For centuries, people the world over have fermented grape concoctions, adding various herbs, spices and other curious ingredients, in hope of producing a life-changing elixir. In Croatia, Intrepid’s Shannon Moore sipped a medicinal brew that is considered much more than mere wine…
“Most people come to Korcula and spend their time lounging on the beaches or wandering around the cobblestones of the old city. When I was last on this magical Croatian island (rumoured to be the birthplace of Marco Polo), I found myself on the less-travelled interior of the island, dining with new friends on a farm and vineyard in the tiny town of Pupnat.

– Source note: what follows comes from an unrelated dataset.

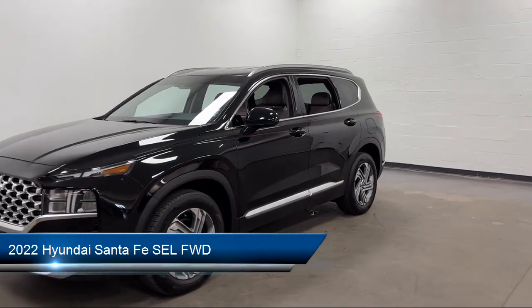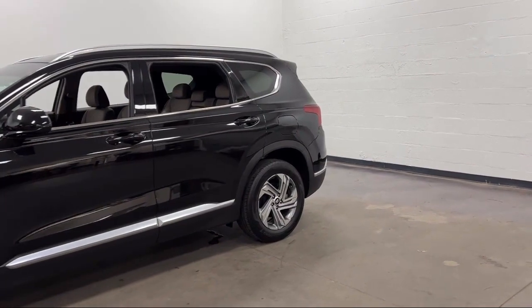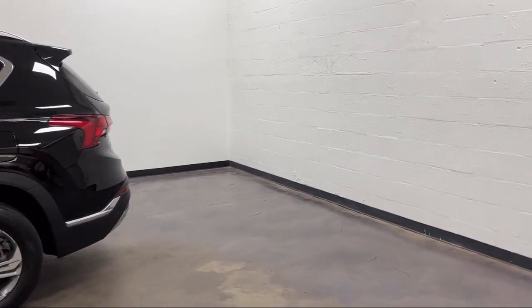It comes equipped with many standard and optional features, and has less than 20,000 miles on the odometer. Every Fitzway used vehicle we sell gets the Fitzway Checkout.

Pupnat was originally settled by the Iryllians, has only 300 inhabitants, and is situated at the highest point on the island. From our dinner table on a simple, unadorned terrace, we were treated to views of vineyards and fields of flowers as far as the eyes could see.
The locals with whom I dined included Stanka and Aljosa, both born and raised on Korcula. In fact, the farmer was Aljosa’s brother-in-law, and with his niece and nephew serving us dinner, tonight we were dining on dishes made exclusively from products Mate and Milianna produce on their farm.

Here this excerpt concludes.